The Choice Scholarship program, one of a number of education changes enacted by Indiana's Republican-dominated state government during the 2011 legislative session, has drawn national attention for a number of bold components. It is the only active voucher program in the country that is not limited to low-income students or students who have attended a low-performing school, and the only one with no eventual cap on enrollment.
With the program moving into full gear, public schools across the state are bracing for an outflow of funds from already-tight budgets, while private schools prepare for an increased demand for spaces in their classrooms. Meanwhile, debate still rages over the initiative as schools and families consider the financial, educational, and social consequences of a program that is projected to grow substantially.

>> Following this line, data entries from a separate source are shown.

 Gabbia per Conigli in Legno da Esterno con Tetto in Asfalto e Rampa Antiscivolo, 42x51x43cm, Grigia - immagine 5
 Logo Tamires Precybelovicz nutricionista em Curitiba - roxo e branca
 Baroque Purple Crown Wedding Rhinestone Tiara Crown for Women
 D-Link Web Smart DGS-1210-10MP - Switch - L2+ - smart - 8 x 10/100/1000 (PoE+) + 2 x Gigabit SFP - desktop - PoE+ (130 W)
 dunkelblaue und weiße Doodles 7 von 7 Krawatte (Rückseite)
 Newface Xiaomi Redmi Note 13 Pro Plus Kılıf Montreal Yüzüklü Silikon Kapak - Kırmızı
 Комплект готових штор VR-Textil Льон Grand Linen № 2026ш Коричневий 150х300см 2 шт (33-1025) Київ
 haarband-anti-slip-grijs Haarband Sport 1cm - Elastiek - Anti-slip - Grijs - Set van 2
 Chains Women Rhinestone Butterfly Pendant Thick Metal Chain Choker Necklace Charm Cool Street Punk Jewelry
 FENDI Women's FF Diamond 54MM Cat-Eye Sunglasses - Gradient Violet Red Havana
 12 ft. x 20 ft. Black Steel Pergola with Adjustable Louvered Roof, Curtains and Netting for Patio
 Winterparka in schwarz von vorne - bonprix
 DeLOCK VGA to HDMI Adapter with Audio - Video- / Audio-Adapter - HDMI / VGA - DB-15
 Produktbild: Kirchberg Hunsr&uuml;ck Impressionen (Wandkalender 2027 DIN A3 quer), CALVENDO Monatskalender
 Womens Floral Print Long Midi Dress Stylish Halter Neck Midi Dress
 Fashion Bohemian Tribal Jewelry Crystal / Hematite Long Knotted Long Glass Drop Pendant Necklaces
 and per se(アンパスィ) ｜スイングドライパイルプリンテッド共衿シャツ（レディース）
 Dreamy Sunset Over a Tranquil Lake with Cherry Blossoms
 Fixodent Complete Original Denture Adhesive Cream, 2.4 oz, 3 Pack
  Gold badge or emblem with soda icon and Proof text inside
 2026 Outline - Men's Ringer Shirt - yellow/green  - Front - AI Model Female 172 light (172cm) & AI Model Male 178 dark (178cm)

The hearing that opened last month in the Marion County superior court, in Indianapolis, stems from a lawsuit filed by a group of residents with backing from the National Education Association. It questions whether the voucher program meets Indiana's constitutional obligation to provide a common education to its students and asks whether public funds can go to private institutions. Nearly all the private schools signed up for the program so far are religiously affiliated.
Of the first year's batch of students, 593 were from middle-income families, that qualified for a 50 percent voucher. About 53 percent of the voucher recipients are minority students, while the state's population is 84 percent white. Mr. Bennett said the demographic breakdown of voucher recipients is evidence that the program fulfills its goal: "When we first proposed this, that was the exact demographic that many folks were saying would be left in public schools."
Jon G. Ellis, the executive director of the Indiana Association of Public School Superintendents, has a different perspective, noting that the percentage of Indiana students in nonpublic schools has remained constant since 1989. "We've always had about 5 percent looking for a way to leave public schools. We've just decided to pay them to look for a way," he said.
According to Jenny S. Andorfer, the director of admissions at the private Bishop Luers High School, in Fort Wayne, "I had a lot of people call me and register subsequently once they knew the voucher program had passed. But, really, the majority of our voucher monies went to students that we already had registered to come here for this school year."